Suppose you were painting the strip from left to right and you encountered a square whose color was different from the previous square’s, meaning this was the start of a new cluster. How long did you expect this cluster to be?

There was a 50 percent chance the next square had a different color, meaning the cluster’s length was 1. There was a 25 percent chance that the cluster’s length was 2, since you needed the next square to be the same color (50 percent) and the square after that to be the other color (50 percent). Continuing in this fashion, there was a 12.5 percent chance the cluster’s length was 3, a 6.25 percent chance the length was 4, and so on.

To find the average length of a cluster, you had to multiply these lengths by their respective probabilities, and then add up all the resulting products. Writing these terms as fractions, you had 1/2 + 2/4 + 3/8 + 4/16 + 5/32 + 6/64 + …, which you could equivalently write using powers of 2 in the denominators: 1/2¹ + 2/2² + 3/2³ + 4/2⁴ + 5/2⁵ + 6/2⁶ + … + N/2^N + ….

This is known as an arithmetic-geometric series, in which the numerators form an arithmetic sequence and the denominators form a geometric sequence. One way to calculate the sum was to break up the terms into unit fractions: (1/2) + (1/2² + 1/2²) + (1/2³ + 1/2³ + 1/2³) + (1/2⁴ + 1/2⁴ + 1/2⁴ + 1/2⁴) + …. Adding the first term from each parenthetical gave 1/2 + 1/2² + 1/2³ + 1/2⁴ + …, a geometric series whose sum was 1. Adding the second term in each parenthetical (if it existed) gave 1/2² + 1/2³ + 1/2⁴ + …, a geometric series whose sum was 1/2. Adding the third terms gave 1/4, while adding the fourth terms gave 1/8. The sum of each such set of terms was half the sum of the previous set.

Summing these geometric series gave 1 + 1/2 + 1/4 + 1/8 + …, itself a geometric series whose sum was 2. Chris’ simulation was spot on: The average size of a cluster was precisely 2 cm².

Another approach—which we’ll return to for last week’s Extra Credit—was to determine the probability that a given square was the start of a new cluster. This happened when that square was a different color from the preceding square, which occurred with probability 1/2. And so, as the number of squares N went to infinity, the expected number of clusters approached (1/2)·N. That meant the average cluster size approached N/[(1/2)·N], or 2 cm², the same answer we just found.
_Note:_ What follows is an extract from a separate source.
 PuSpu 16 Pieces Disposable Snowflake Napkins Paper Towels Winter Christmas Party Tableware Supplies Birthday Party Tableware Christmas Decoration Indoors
Finally, solver Izumihara Ryoma noted an interesting paradox related to how clusters were sampled. What if, instead of asking for the average cluster size, we asked how large we expected a cluster to be that contained a given square. Before looking at an infinite strip, let’s return to the finite example I provided above:

We already said the average cluster size for this strip was (1+1+1+1+3+2+1)/7, or approximately 1.43 cm². But if you picked one of the 10 squares and averaged its resulting cluster size, you got (1+1+1+1+3+3+3+2+2+1)/10, or 1.8 cm². This value was greater, since each larger cluster had a greater probability of being sampled than any given smaller cluster.

For an infinite strip, once you picked a square to look at, you had an average of 1 cm² of the same cluster to its left, and another 1 cm² of the cluster to its right. That gave you a total of 3 cm², which was indeed greater than the accepted answer of 2 cm².
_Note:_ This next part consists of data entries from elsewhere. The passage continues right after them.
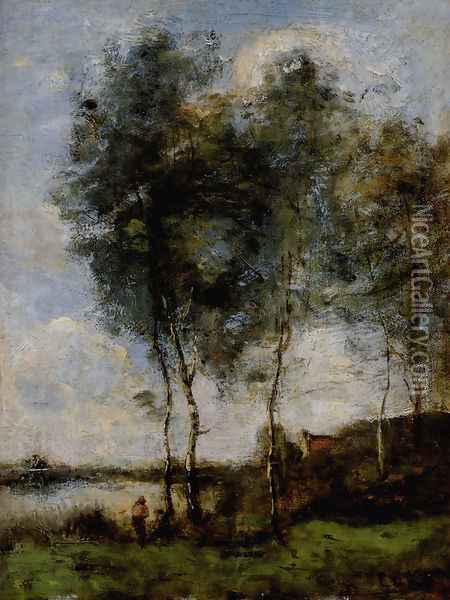 Pecheur Au Bord De la Riviere Oil Painting - Jean-Baptiste-Camille Corot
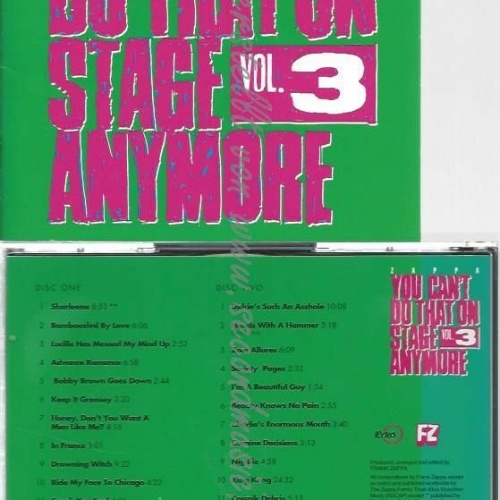 CD--FRANK ZAPPA | --YOU CAN'T DO THAT ON STAGE ANYMORE VOL.3
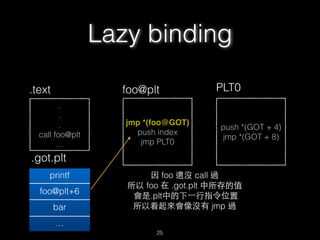 .
.
.
call foo@plt
…
.text
jmp *(foo@GOT)
push index
jmp PLT0
foo@plt
.got.plt
printf
foo@plt+6
bar
…
push *(GOT + 4)
jmp *(GOT + 8)
PLT0
因 foo 還沒 call 過
所以 foo 在 .got.plt 中所存的值
會是.plt中的下⼀一⾏行指令位置
所以看起來會像沒有 jmp 過
Lazy binding
25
I thought this was a pretty neat aside. Yes, the average cluster size was 2 cm². But the moment you pointed to any given square, that square’s average cluster size was 3 cm². 🤯

Last Week’s Extra Credit

Congratulations to the (randomly selected) winner from last week: 🎻 Austin Shapiro 🎻 from Oakland, California. I received 43 timely submissions, of which 29 were correct—good for a 67 percent solve rate.

Once again, I was painting an infinitely long strip of canvas, broken up into adjacent 1 cm-by-1 cm squares. As before, squares were randomly and independently numbered 0 or 1. But this time, the strip itself was 2 cm wide.

Squares were considered adjacent if they shared a common edge. So squares could be horizontally or vertically adjacent, but not diagonally adjacent.

Once I finished painting, there were again many “clusters” of contiguous red and blue squares. The example below contained 20 total squares and nine clusters, which meant the average size of a cluster here was approximately 2.22 squares.

So, once I finished painting the entire, infinite strip, what was the average size of each red or blue cluster?